▶ **EXERCISE**
Take the entries that follow and return exactly the lines from the one holding "Ionian sea surrounded" through the one holding "KUALA LUMPUR, MALAYSIA", both included. Nothing else is needed.

++++ DATA SUPPLIED ++++

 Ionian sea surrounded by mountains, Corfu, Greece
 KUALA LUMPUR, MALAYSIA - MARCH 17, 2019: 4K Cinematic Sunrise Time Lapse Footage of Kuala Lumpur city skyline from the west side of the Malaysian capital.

++++
++++ DATA SUPPLIED ++++

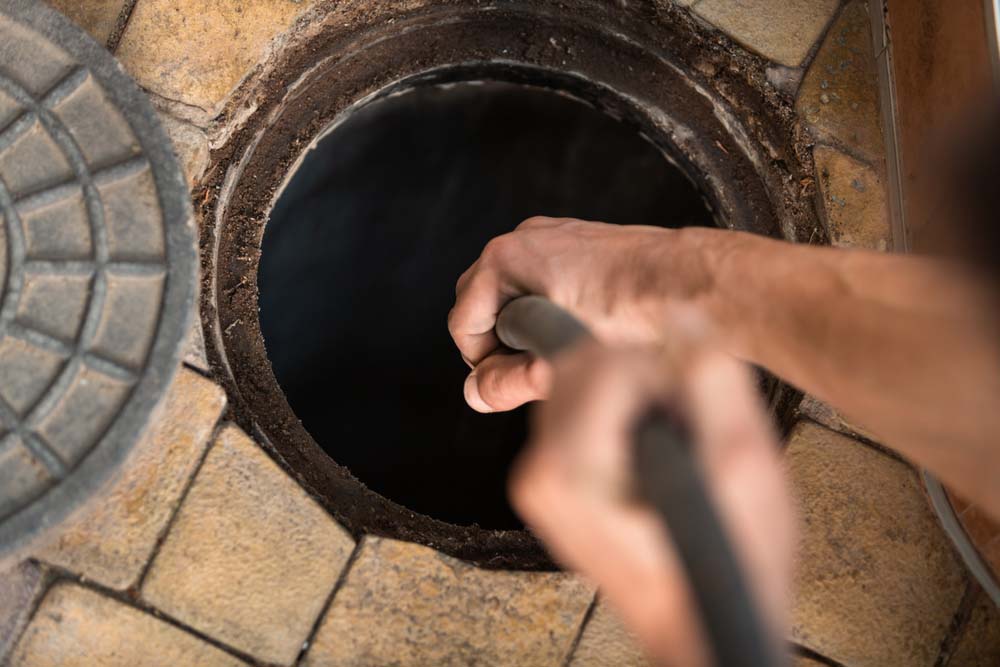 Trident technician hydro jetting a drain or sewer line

++++

▶ **YOUR RESPONSE**
 Ionian sea surrounded by mountains, Corfu, Greece
 KUALA LUMPUR, MALAYSIA - MARCH 17, 2019: 4K Cinematic Sunrise Time Lapse Footage of Kuala Lumpur city skyline from the west side of the Malaysian capital.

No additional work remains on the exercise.